Kupu whakaata
na, Arapera Hineira Blank
He Whakaaro Ke, Barney Pikari, Harry Walker, Vern Winitana, Angela McGregor, Robyn Kahukiwa. A group of four Maori writers and an artist have put together a book He Whakaaro Ke. They have had their work published in the Porirua Community Newspaper, Te Awa-iti over several years and this book is a gathering together of various articles that have appeared in this time.
The writers have sought to gather their own funding to publish the book and hope to have it out in the new year.
“As a group we believe that when we agreed upon this collective project to collate our work into this book our ideals were based solely on the chance to write and paint in part about the Maori experience.
“This is not to be interpreted to voice or speak for all Maoris but illustrate the Maori perspective from another point of view, by using this forum and platform to do so we are on two points highlighting a written point well over due and a written defense against white writers who have merely interpreted Maori expression, our writing is at least in total and raw.
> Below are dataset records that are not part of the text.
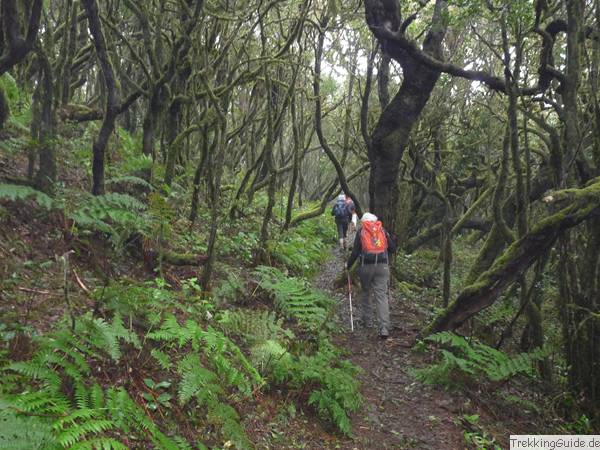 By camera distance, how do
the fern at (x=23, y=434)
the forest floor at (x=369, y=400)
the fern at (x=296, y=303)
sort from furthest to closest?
1. the fern at (x=296, y=303)
2. the forest floor at (x=369, y=400)
3. the fern at (x=23, y=434)

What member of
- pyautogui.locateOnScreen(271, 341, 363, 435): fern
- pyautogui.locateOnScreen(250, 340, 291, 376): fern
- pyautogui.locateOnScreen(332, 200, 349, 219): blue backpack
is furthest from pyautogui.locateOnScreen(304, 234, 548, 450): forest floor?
pyautogui.locateOnScreen(332, 200, 349, 219): blue backpack

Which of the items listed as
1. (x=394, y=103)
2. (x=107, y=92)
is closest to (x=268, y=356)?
(x=107, y=92)

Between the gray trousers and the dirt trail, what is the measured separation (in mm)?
247

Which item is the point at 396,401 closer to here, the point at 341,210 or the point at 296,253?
the point at 296,253

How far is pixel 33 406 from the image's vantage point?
2504mm

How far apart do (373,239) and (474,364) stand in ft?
8.27

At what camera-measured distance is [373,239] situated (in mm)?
7266

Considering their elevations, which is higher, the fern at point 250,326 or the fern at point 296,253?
the fern at point 296,253

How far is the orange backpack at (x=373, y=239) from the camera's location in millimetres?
7270

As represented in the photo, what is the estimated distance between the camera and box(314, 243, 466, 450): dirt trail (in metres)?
4.52

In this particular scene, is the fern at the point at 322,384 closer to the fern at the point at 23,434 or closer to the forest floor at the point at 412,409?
the forest floor at the point at 412,409

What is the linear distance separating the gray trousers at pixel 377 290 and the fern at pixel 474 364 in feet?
4.35

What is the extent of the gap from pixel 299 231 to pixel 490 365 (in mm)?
8543

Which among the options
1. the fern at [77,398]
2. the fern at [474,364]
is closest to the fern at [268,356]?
the fern at [77,398] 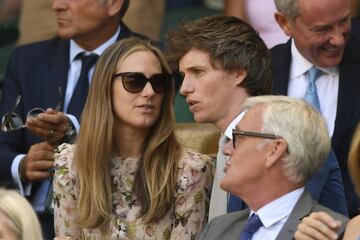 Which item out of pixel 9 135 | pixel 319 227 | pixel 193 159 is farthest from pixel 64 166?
pixel 319 227

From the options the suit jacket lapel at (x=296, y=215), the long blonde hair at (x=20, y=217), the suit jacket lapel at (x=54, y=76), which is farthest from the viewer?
the suit jacket lapel at (x=54, y=76)

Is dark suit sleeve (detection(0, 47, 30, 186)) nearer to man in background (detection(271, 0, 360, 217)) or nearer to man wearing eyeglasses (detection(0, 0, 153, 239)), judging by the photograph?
man wearing eyeglasses (detection(0, 0, 153, 239))

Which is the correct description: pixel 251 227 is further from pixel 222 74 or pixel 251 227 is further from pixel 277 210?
pixel 222 74

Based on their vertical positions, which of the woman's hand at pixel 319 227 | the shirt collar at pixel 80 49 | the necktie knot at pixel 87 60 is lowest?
the necktie knot at pixel 87 60

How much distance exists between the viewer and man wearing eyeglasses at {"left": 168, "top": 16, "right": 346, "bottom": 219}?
21.7ft

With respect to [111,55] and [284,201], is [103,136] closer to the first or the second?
[111,55]

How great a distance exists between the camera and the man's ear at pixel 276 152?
5.78 metres

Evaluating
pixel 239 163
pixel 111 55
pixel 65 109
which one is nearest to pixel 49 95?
pixel 65 109

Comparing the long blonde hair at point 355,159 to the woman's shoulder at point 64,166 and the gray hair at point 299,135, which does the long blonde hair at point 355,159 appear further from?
the woman's shoulder at point 64,166

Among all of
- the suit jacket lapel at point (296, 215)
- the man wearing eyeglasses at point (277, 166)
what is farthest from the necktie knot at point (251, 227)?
the suit jacket lapel at point (296, 215)

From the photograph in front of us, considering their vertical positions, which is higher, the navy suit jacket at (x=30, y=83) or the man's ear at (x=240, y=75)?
the man's ear at (x=240, y=75)

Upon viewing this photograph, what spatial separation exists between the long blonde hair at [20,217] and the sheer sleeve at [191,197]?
1.35 metres

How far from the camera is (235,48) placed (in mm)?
6633

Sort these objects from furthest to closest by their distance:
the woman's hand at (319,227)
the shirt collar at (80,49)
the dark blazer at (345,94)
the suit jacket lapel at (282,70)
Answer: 1. the shirt collar at (80,49)
2. the suit jacket lapel at (282,70)
3. the dark blazer at (345,94)
4. the woman's hand at (319,227)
We are independently minded in our writings, each coming from four different aspects of lifes' experiences but sharing a common goal with Maori related issues of social and topical interest. The biggest plus of our work is
that our writings are not murdered through ignorant editing therefore keeping our own individual Maori compassion in content.
To have four Maoris writing in the same community as against none speaks for itself in saying that we know we must help ourselves to help others reach for that, though we appreciate of course having a regular column, to express a Maori point of view and grow from. We point out though that our community newspaper needed us also to grow from.
The need for more Maori recognition of this type of assertive literature is a must, our over all oppressed state of mind has badly ham-strung the Maori written expression. Our social conditioning state of mind shows we do not use the written word to any advantage or comprehend and appreciate that power, instead relying on the oral tradition (or is it that we are simply subjected out of this system).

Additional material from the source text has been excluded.